18 Ekim 2011 Salı

ÜÇ BEŞ DEN

         Akşamın ilk saatleri.. Karanlık çöktü çökecek. Epeydir Jüpiter’i gözleme saplantısından vazgeçtim. Bakışlarım artık yerlerde dolaşıyor. Parlak yıldızları gözünle sevmekten yerde bulduğum siyah kristal boncuklara dokunmak, dokunup onları gözünle okşamak daha evla geldi b u ara..

        Kara kristallerden, bulduğumuz yerde yok, kara köpek de yerinde yok. Yol ayrımına geldik yol arkadaşımla. Vedalaştık. Nasıl oluyordu da sohbetin sonunu buraya denkliyorduk? Yolun ortasındaki tramvay  geçidinin kaldırımındayım. Karşıya geçmenin gayretiyle aceleciyim. Acelem biraz da soğuktan. Yarısı yaz geçen Ekim diğer yarısını da hatırı kalmasından kışa ayırmıştı. Sonbaharın kontenjanını hangi yıllarda kullanacağıysa meçhul..

      Gözlerim yine yerde. Yerler ıpıslak. Gün boyu kara benzeyen bir karışımla sepeledi yağmur. Yere serpilmiş ince, beyaz çubukçuklar gözüme ilişince karşıya geçmeyi unuttum. İncelemeye koyuldum gördüklerimi.  Kibrit denleriydi bunlar. Kutusu yoktu yakınlarda, rüzgar savurmuş olmalı; Mikado'nun çöplerini oynayacak birilerine hazırlık yapmışcasna... Islanmıştılar. Sigara yakmaya çalışan bir sarhoşun elinden düşmüş olmalılar. Toplanılsalar iş görmezler sanırım, barutları dağılmış olmalı ıslaklıktan. Hava da soğuk Mikado oynanmaz ki..

       Kibritçi kız beliriverdi gözlerimin önünde; masallarımın en’i. Yolun karşısına geçtim. Yolun karşısı daha güvenli geldi bana. Daireler kaloriferliydi. Kapı eşiklerine de az da olsa ulaşırdı sıcaklığı. “Kibritçi kız buraya sığınsaydı !” diye düşündüm .  Kendi düşüme kendim güldüm. O da  bir kapı eşiğine sığınmış soğuk taşın üzerine oturarak yaktığı her bir kibrit çöpünde ayrı ayrı  düşler kuruyordu. Onun düşlerinin olabilirliği yüksekti.

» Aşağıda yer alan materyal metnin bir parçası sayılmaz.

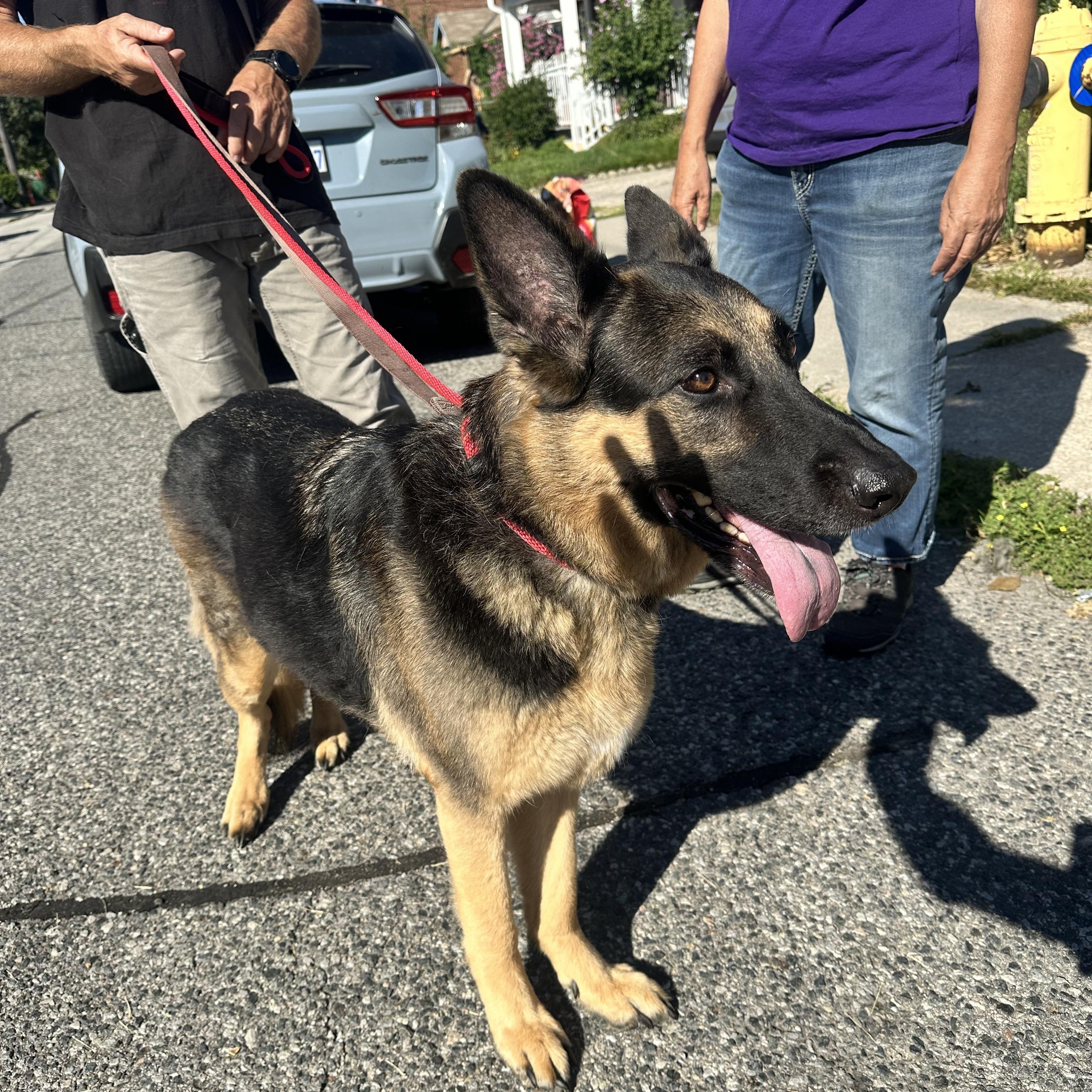Enlarge SISI, a Adopted German Shepherd Dog in Toronto, ON image 5/6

      “Masallar gerçekleri yansıtmaz” deriz hep. Gerçek dışı ne var ki bu masalda. Bir kibrit tanesiyle kurduğum empatinin duygularıma kattıkları, bir kibrit tanesinin gerçekliğimizde soğuktan donarak ölenleri hatırlatması. Bir kibrit tanesinin “İnsanlar ne yer, ne içer?” diye aldırmadan bir oy uğruna kömürlerle kandırılmalarını, bir kibrit tanesinin Zerdüşt dininden olanların ve ötekilerin bir çuval kömürü bile hak etmediklerini, bir kibrit tanesinin valilerinin öğlene doğru uyanıp da penceresinden dışarıyı seyredip “Kar yağıyormuş” un farkına ancak varıp; evinden çıkıp, karda bir kuytuya saklanan minik öğrencinin ölümünü fark etmeden  okulları tatil etmesini… hatırlattı, kısacık yol boyunca. Düşünceler sağanağı sağanak yağmurla beraber iliklerime işleyen soğuğu unutturmuştu bana. 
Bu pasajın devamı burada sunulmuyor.